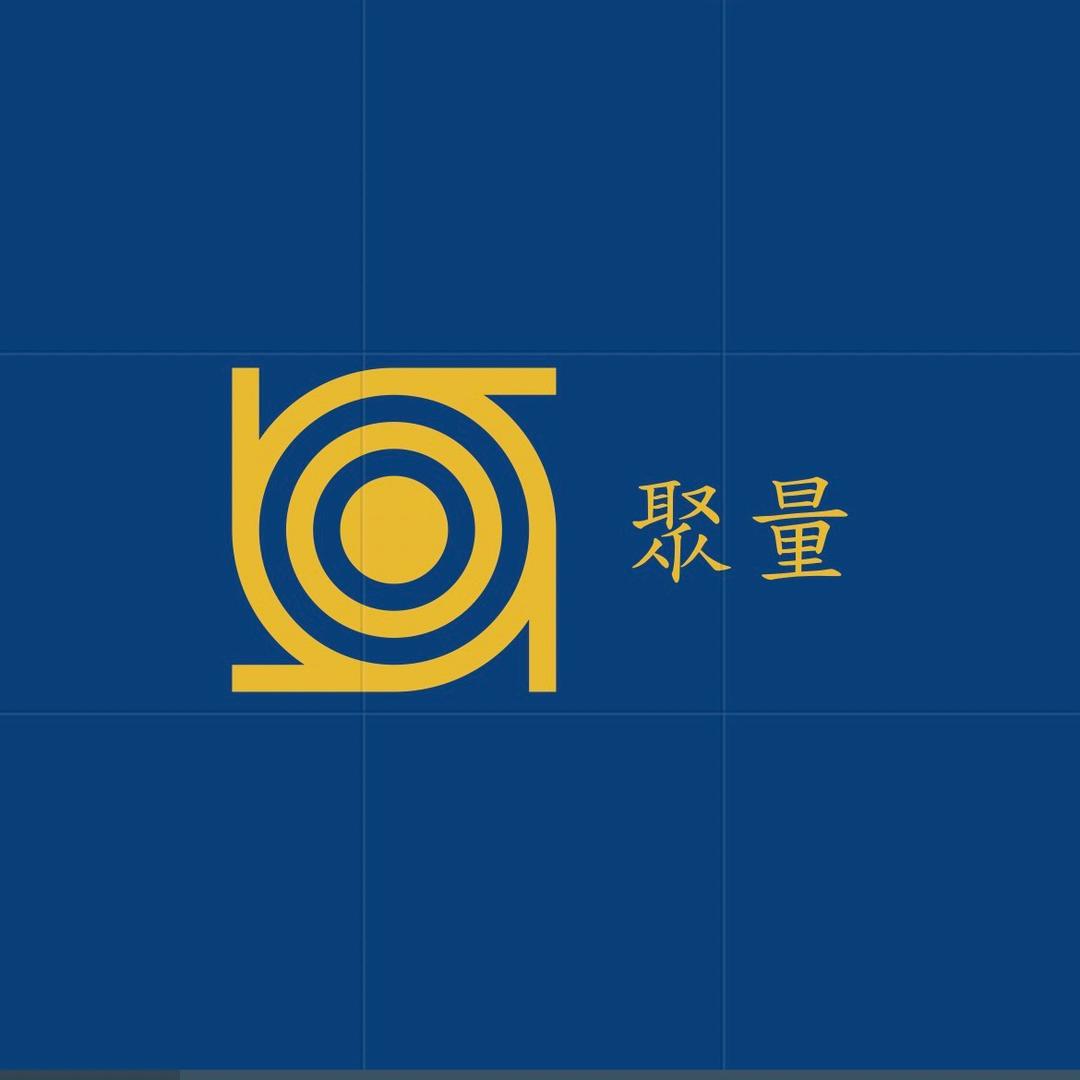 聚量专营店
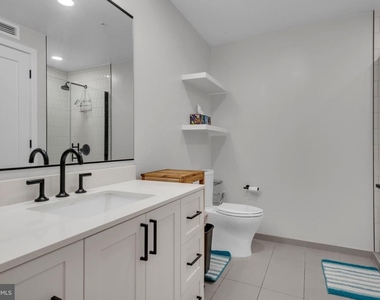 1211 Van Street Se - Photo Thumbnail 14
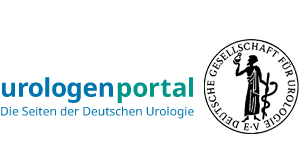 Urologenportal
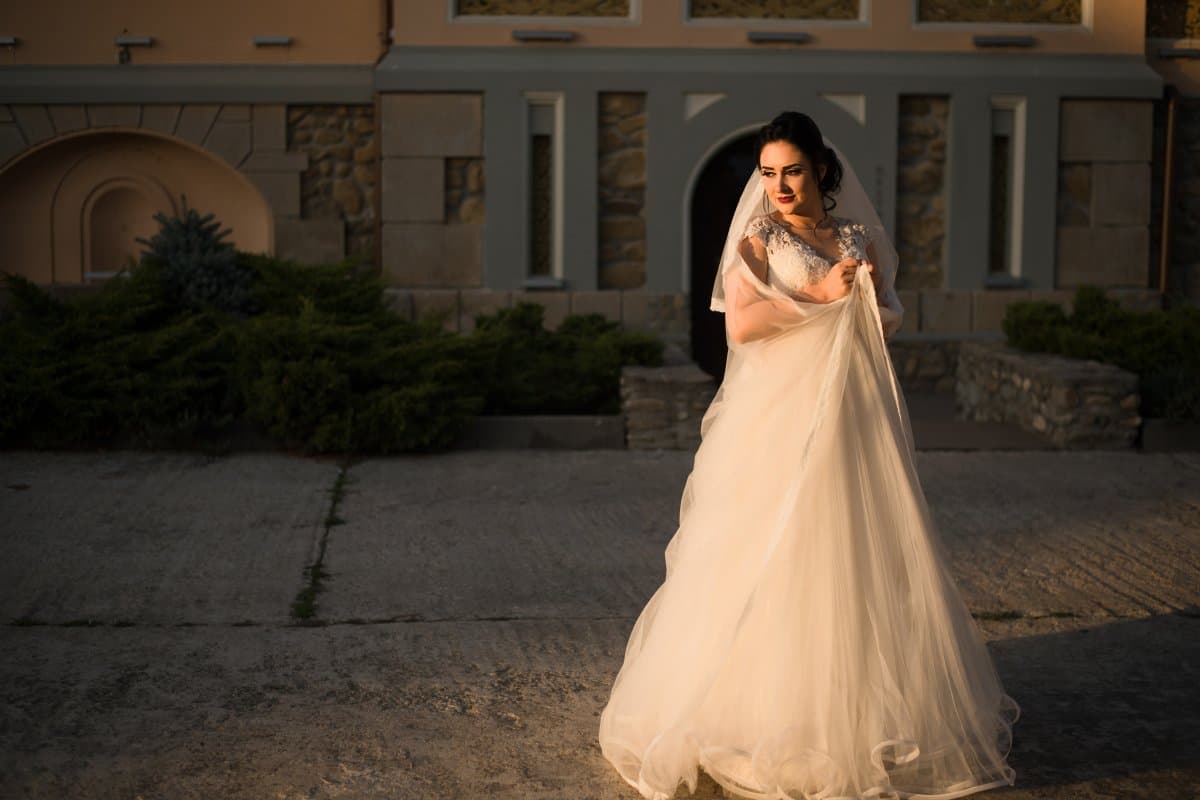 Casa Danielescu - locatie pentru nunti in Târgu Jiu, Gorj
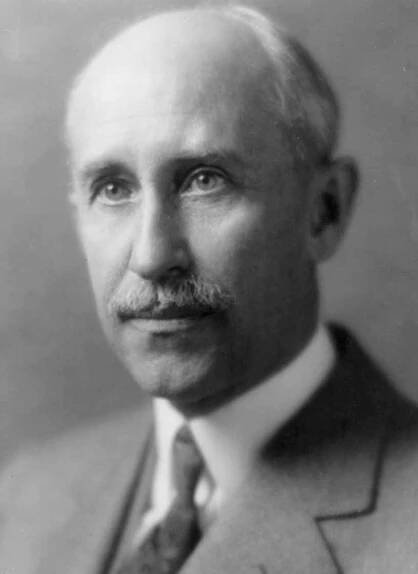 File:Orville Wright-1928.jpg - Wikimedia Commons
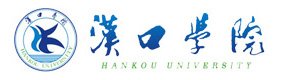 各考点高校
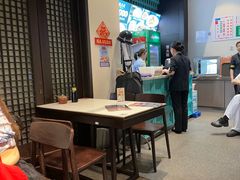 -沈大成(南京东路店)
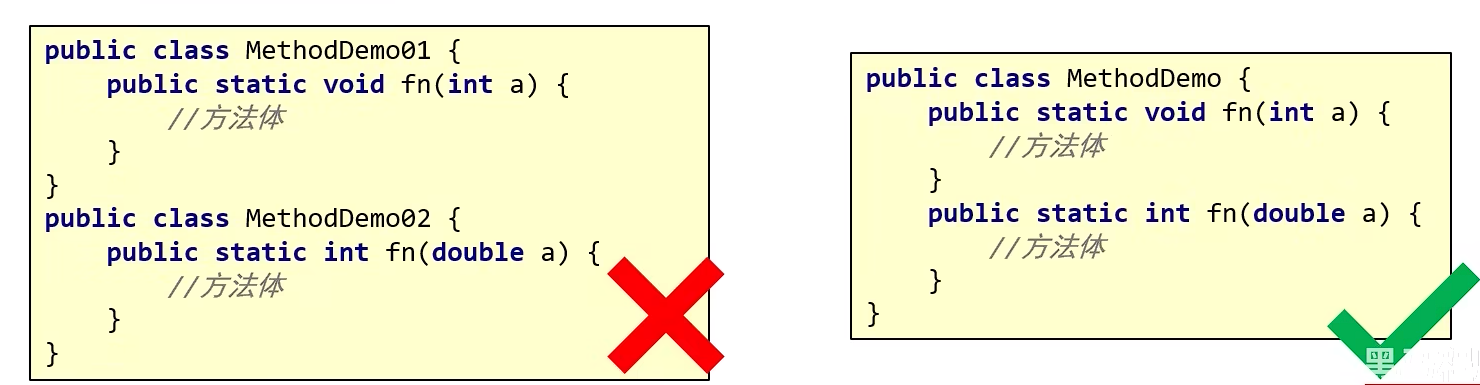 image-20250120221039363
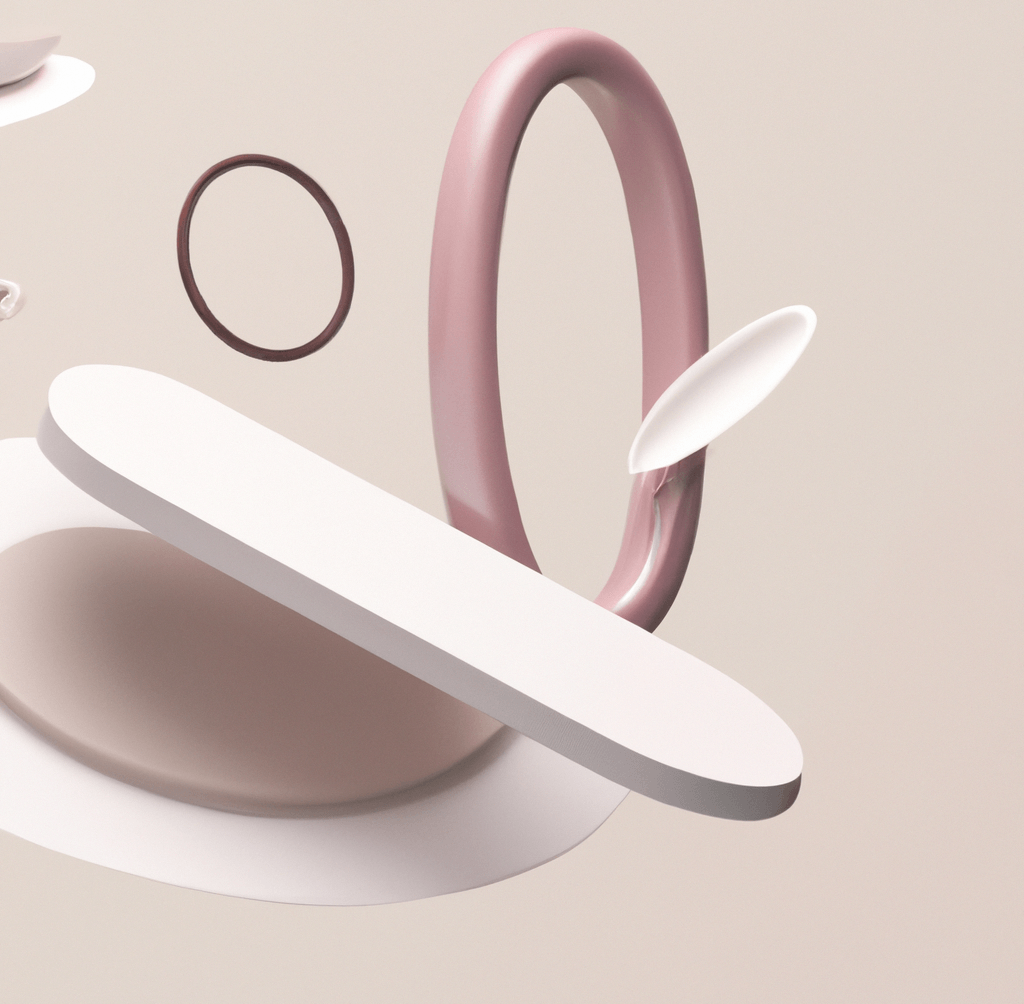 DALL_E_2023-05-31_15.08.28_-_a_clean_modern_abstract_3d_render_using_muted_pink_beige_and_mauve_tones-optimized-1722304788.png
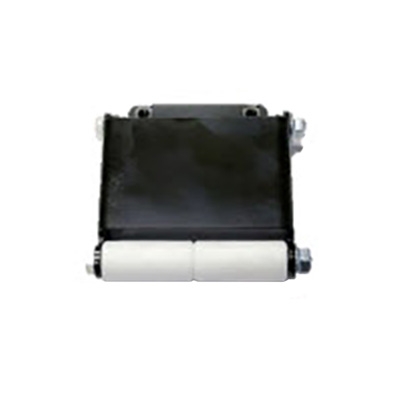 Mechanism - Roller - Slideout - P854282 - Norco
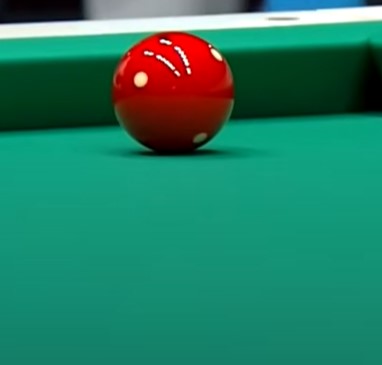 billiard
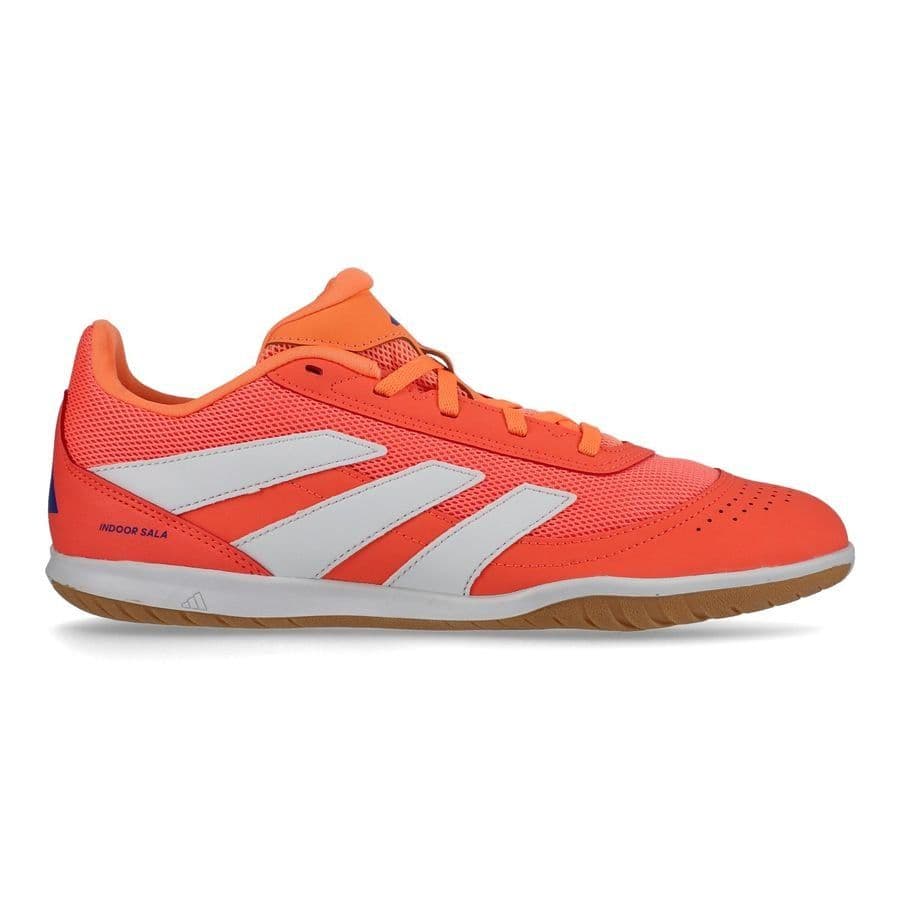 adidas Predator Club Sala In (IC), foto 2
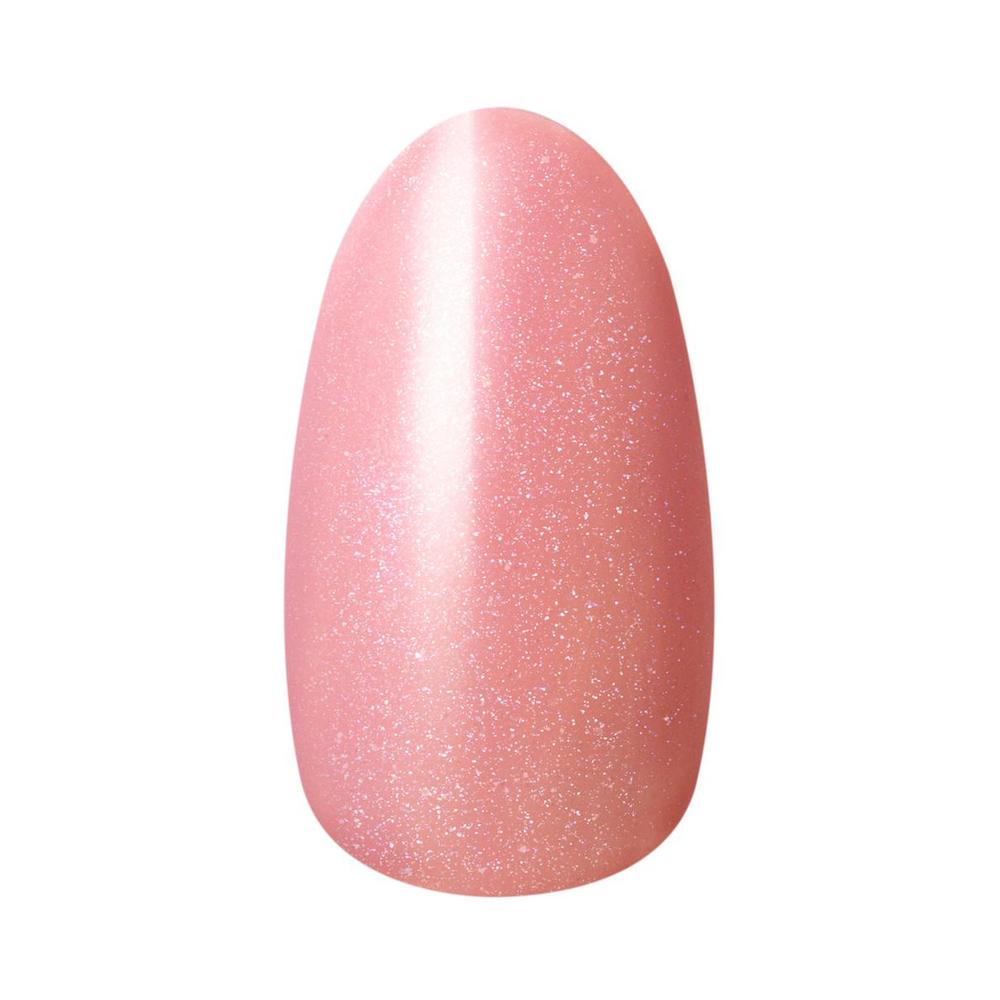 コーセー ネイルホリック くすみカラーズ PK004K 5ml PK004K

• What is needed: Leave out the pictures, then reproduce exactly the run of lines from the one that contains "Urologenportal" to the final line of the listing above.

• Response for this exercise:
 Urologenportal
 Casa Danielescu - locatie pentru nunti in Târgu Jiu, Gorj
 File:Orville Wright-1928.jpg - Wikimedia Commons
 各考点高校
 -沈大成(南京东路店)
 image-20250120221039363
 DALL_E_2023-05-31_15.08.28_-_a_clean_modern_abstract_3d_render_using_muted_pink_beige_and_mauve_tones-optimized-1722304788.png
 Mechanism - Roller - Slideout - P854282 - Norco
 billiard
 adidas Predator Club Sala In (IC), foto 2
 コーセー ネイルホリック くすみカラーズ PK004K 5ml PK004K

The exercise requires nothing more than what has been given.